第31話
雨が降ってきた。
いつも通りの雨なのか、天蓋が落ちる雨なのか、それはまだ分からない。ただどうしても、雨の日は心がざわついてしまう。もともと防水加工の落ちてきた僕の本体は、水に近付くのが危険になっていた。そして、大地が沈んでいく恐怖。
船は完成に近付いていた。この街の人々は全員乗れるだろう。しかし、世界中にはどれぐらいの人がいるのだろうか。この星全体のことを考えると、あまりにもこの船はちっぽけ過ぎた。
どうも最近、人間に肩入れして考えてしまう癖ができている。借りものの器に心を乱されすぎている気がする。
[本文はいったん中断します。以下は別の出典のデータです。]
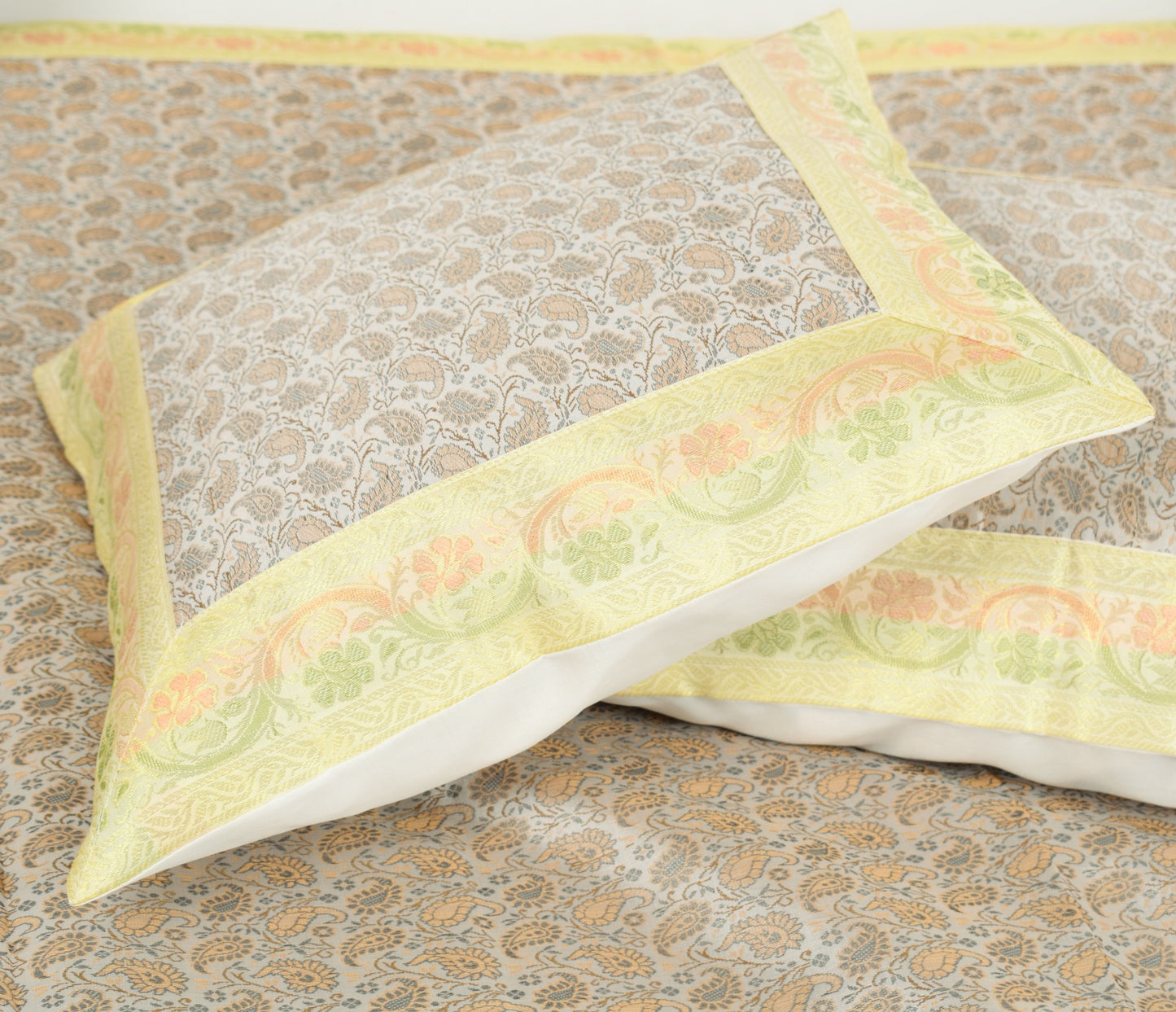 Banarasi Light Gray Diwan Set Cushion & Bolster Cover Silk & Woven Zari Brocade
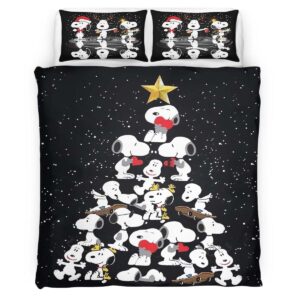 Housse De Couette Snoopy Sapin de Noël Parure de lit Ensemble De Literie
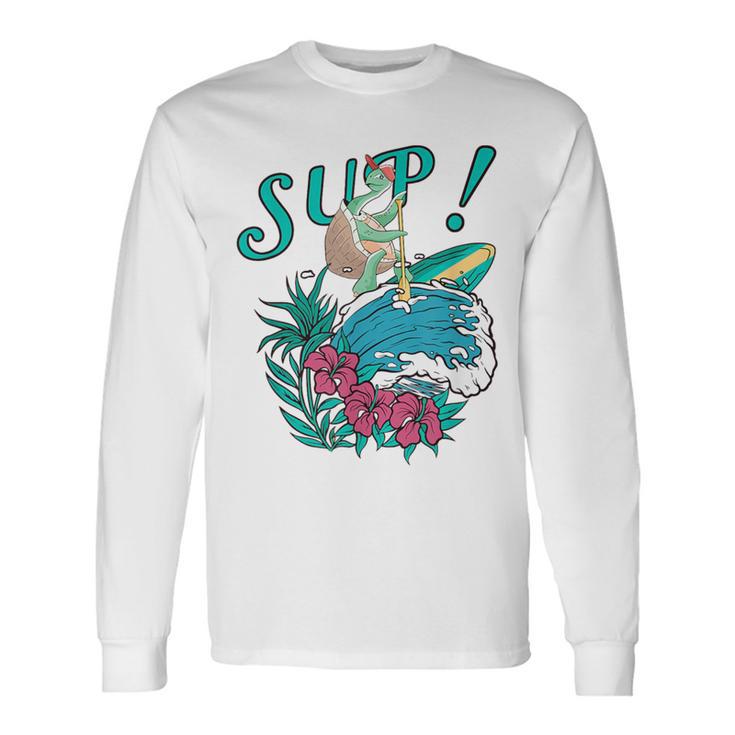 Sup サーフィン スタンドアップ パドル タートル パドリング サブボードup 長袖Tシャツ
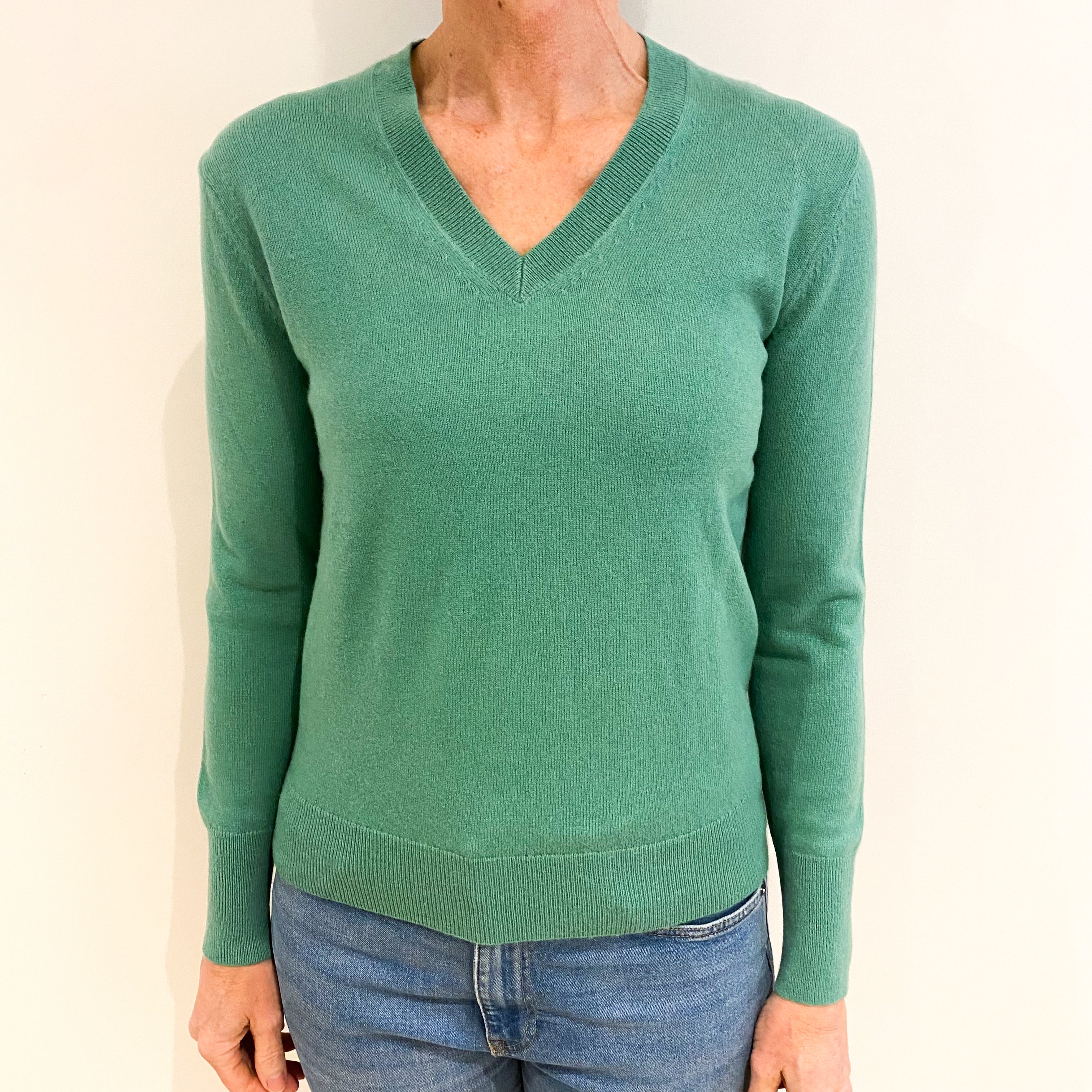 Sea Foam Green Cashmere V Neck Jumper Small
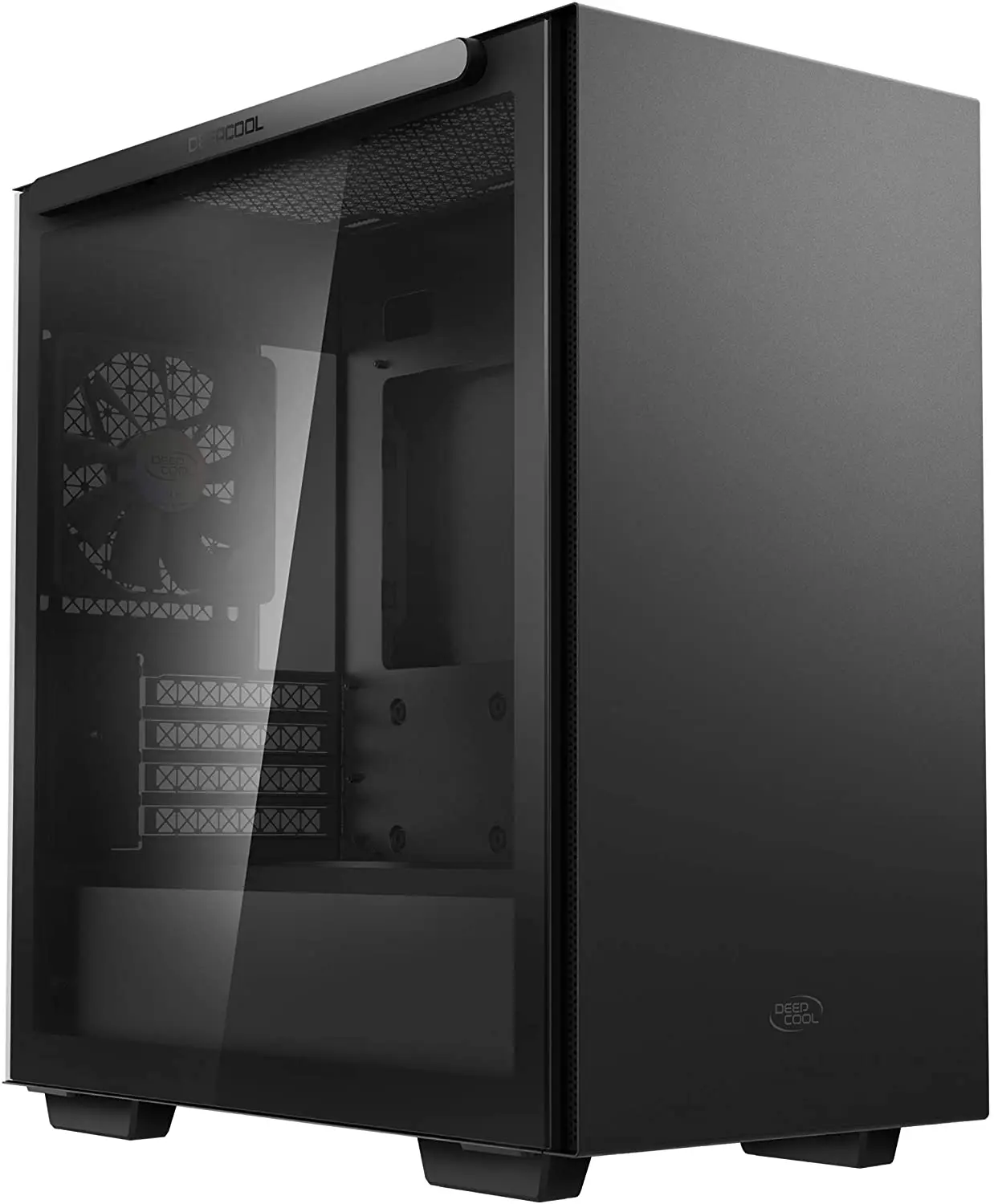 Macube 110 computerbehuizing voorzijde met tempered glass paneel en ventilatieopeningen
人々は保存食を作ったり、予備の洋服を縫ったりと準備にいそしんでいた。彼らはガイストを信じ、崇めている。それが原動力となって、来るかもわからない有事のために一所懸命になっている。彼らはこの星のことや、この星の外のことなんて知らないままだ。はっきり言えば、ガイストは騙しているのだ。
みぞおちのあたりで、きりきりとした痛みが走ってしまう。人間の体は本当に不可解だ。
足早に目的地に向かう。現場に着くと僕は、船室の中をチェックして回る。人々はここで寝泊まりしなければならないし、ずっと閉じこもっていなければならないかもしれない。どのようなベッドを入れるか、何が必要なのか。人間の生活に慣れていないので、皆と相談しながら決めていく。不確かなものを手さぐりしながら見つけていくのは、大変だ。ミットライトと家を造り、電源確保に頭を悩ませていた頃を思い出す。
「……ん?」
僕は、蝶つがいの様子を確かめていた。それなのに、ざわざわとした感触が体中でし始めた。センサーを働かすが、異常は察知できなかった。それでも、確信に近いものがあった。何か来る。
急いで部屋を出て、船を下りる。空を見渡すが、雨雲しかない。
第六感というものを信用していいのだろうか。それに関しては、あいまいなデータしか残されていない。この世界には解明されないものがあることが解明されている。世界の不安定要素については、それが不安定であることしかわかっていないのだ。
いろいろ考えても仕方がない。できることをするだけだ。
「
自分でも信じられないほどの声量が出た。船の周りにいた衛兵が、笛を吹き鳴らす。街の方で、鐘が打ち鳴らされる。
「どこだ!」
衛兵の一人が聞いてくる。
「わからないですが、来ます!」
そのときにはすでに、僕のセンサーが実体を掴んでいた。直感は正しかったようだが、想像は超えていた。
高速で接近する、小型の何か。温度は非常に低く、構成物質はほとんどが鉱物だった。形は……人型。
対策はしているはずだった。ガイストやリードは、敵の能力を知っていたはずだが、防げなかった。それは、まっすぐこちらに向かってくる。隠しているはずの、護られているはずのこちらに。
「対空部隊はどうした!」
「なんだあれは!」
慌てる男たち。それを見て、勝手に口が動いていた。
「落ち着け! 兵士以外は中に入れ! 無謀な攻撃はするな!」
時が止まっているかのようだった。視線がこちらに集中する、その中で。
「こんにちは。歓迎してくれる?」
透き通った、冷たい声だった。僕の目前、1m。
金色の仮面。細長い目、小さな鼻、そして蛇の刺青が装飾されている。
体は銅や鉄、白銀が複雑に組み合わされている。腰が細く、胸が少し膨らんでいる。
背中からは、大鷲のような翼が生えている。これは合金のようだ。細部まで細かく、一枚一枚彫られている。
それほど大きな体ではない。しかし、気を抜けばすぐに圧倒されてしまいそうだった。